Thayil’s fascination with Bombay began when he landed in the city many years ago as a young journalist. “The energy, the vibes and the people make this city very addictive,” he says after his dramatised reading.

Sitting on a wooden bench outside the auditorium in a crisp white shirt, he adds, “Everyone who visits the city feels that way. The sea especially makes a very beautiful backdrop for a book.”

In Narcopolis , Thayil dives into an ever-changing world of squalor, drugs, poverty and sex. Stories of marginalised characters – pimps, eunuchs and gangsters – are woven together while their lives in the dark underbelly slowly descend into ruin. The smoky opium den in the opening chapter is a familiar place for the author.

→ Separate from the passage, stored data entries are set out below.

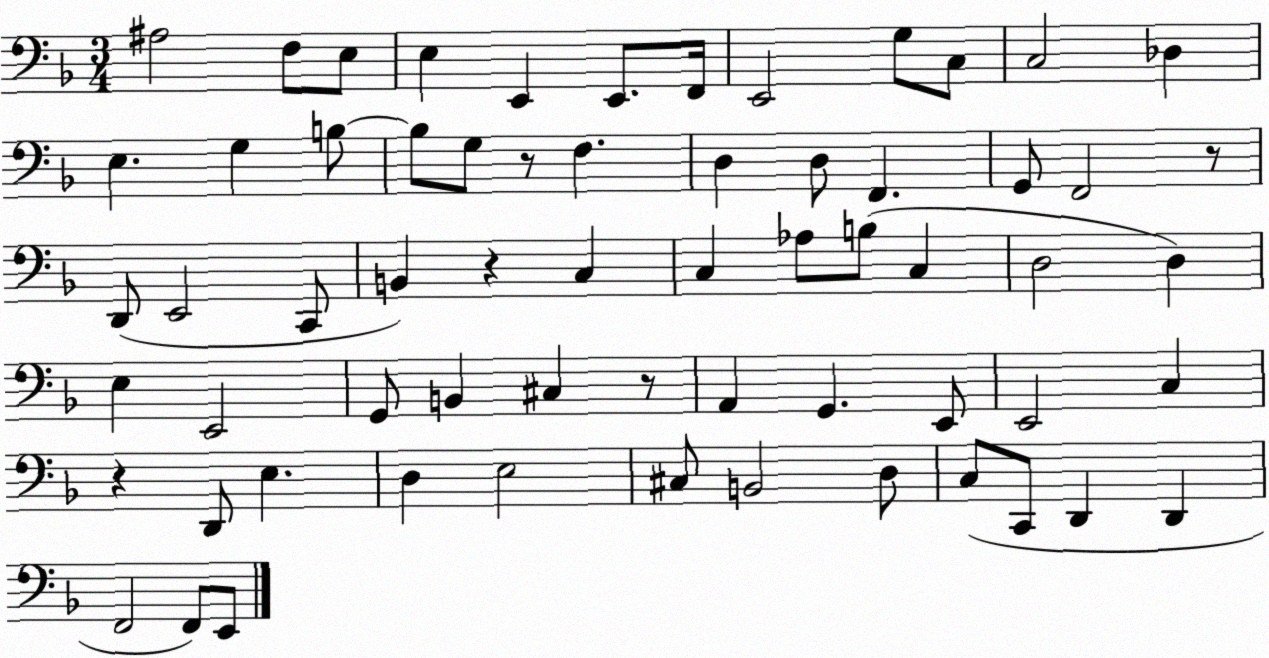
X:1
T:Untitled
M:3/4
L:1/4
K:F
^A,2 F,/2 E,/2 E, E,, E,,/2 F,,/4 E,,2 G,/2 C,/2 C,2 _D, E, G, B,/2 B,/2 G,/2 z/2 F, D, D,/2 F,, G,,/2 F,,2 z/2 D,,/2 E,,2 C,,/2 B,, z C, C, _A,/2 B,/2 C, D,2 D, E, E,,2 G,,/2 B,, ^C, z/2 A,, G,, E,,/2 E,,2 C, z D,,/2 E, D, E,2 ^C,/2 B,,2 D,/2 C,/2 C,,/2 D,, D,, F,,2 F,,/2 E,,/2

“I was a user and abuser of drugs for twenty years. I tell people now that I was doing research for my novel. Of course it’s a complete lie,” Thayil laughs. “I didn’t know that I would be writing a novel back then but I have tried to imbue some dignity and meaning to those years through this book.”

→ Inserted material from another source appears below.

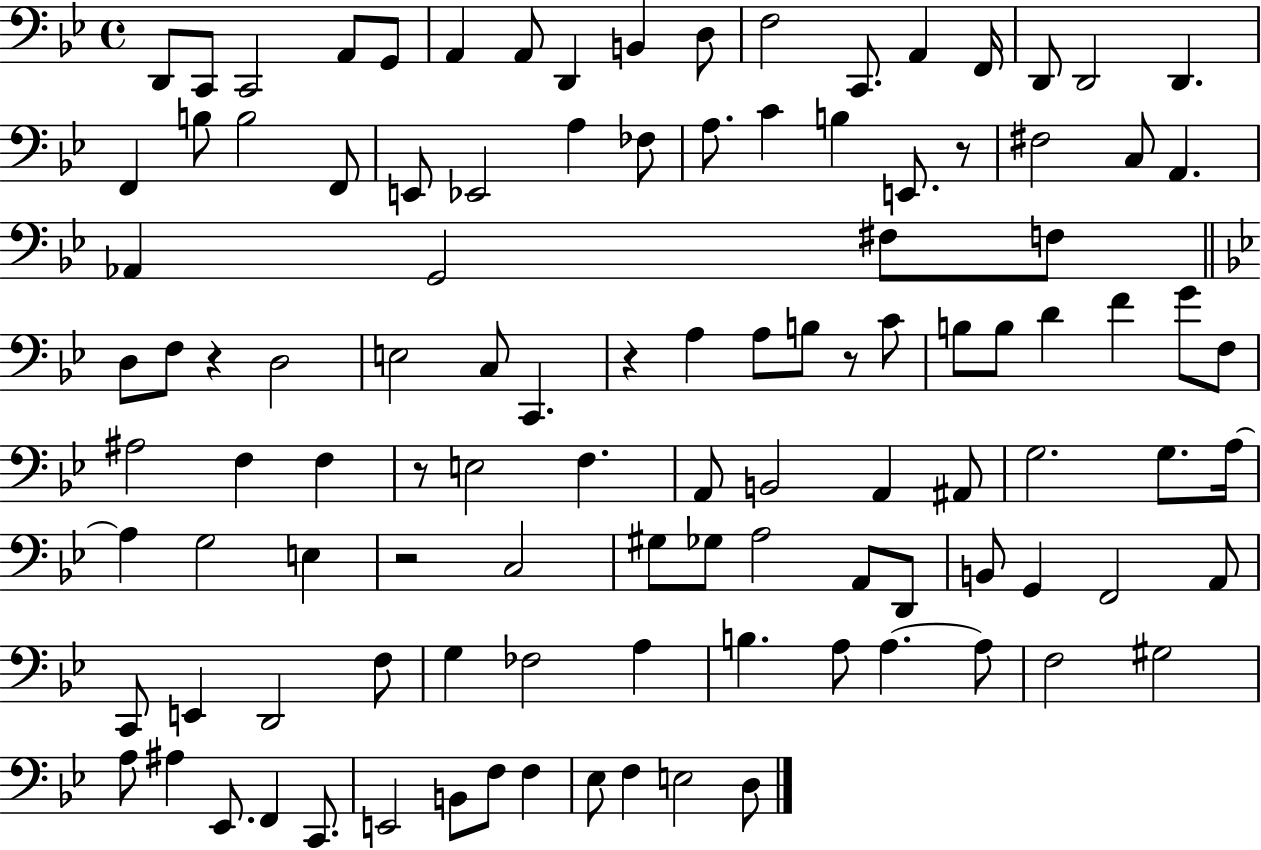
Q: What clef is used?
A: bass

Thayil’s prose, unstructured and feverish in the book, reflects his skills as a poet. He has also flirted briefly with journalism, which he calls “the most difficult job” but which “helped him greatly” in his research.

“I don’t think I was cut out for journalism at all. But you bring your journalistic skills into writing a book. Compared to journalism, writing a novel was a breeze.”

Narcopolis , says Thayil, was never intended to be a fictional account. “It started as a book on Indian religions. One day, I wrote a chapter that was very obviously non-fiction. That started a wave and then the rest of the book just followed.”

The first Indian to win the DSC prize for South Asian Literature, Thayil says that awards play an important role in an author’s career graph. “Awards bring attention to a book. The money that comes with the award especially helps for the next book.”

Internationally Narcopolis was very well-received. The Guardian hailed it “a blistering debut”, The Financial Times called it “compelling and often exhilarating” while other reviews have described it as “hypnotic” and “enthralling”.

India’s reaction to his book, initially frosty, suddenly reversed when the author was short-listed for the Man-Booker Prize in 2012. Thayil doesn’t know what changed the Indian response.

“There are people who write with an audience in mind but I think that’s a bad strategy. It can be crippling. I let the story tell me what to do,” he says.

While more people queue up for the author’s stylised signature on their copies, Thayil speaks excitedly about his next book, Sex Life of the Saints , and informs me that it is due to hit the stores next year.

(Radhika studied in Stella Maris College, Chennai, before moving on to the Asian College of Journalism.)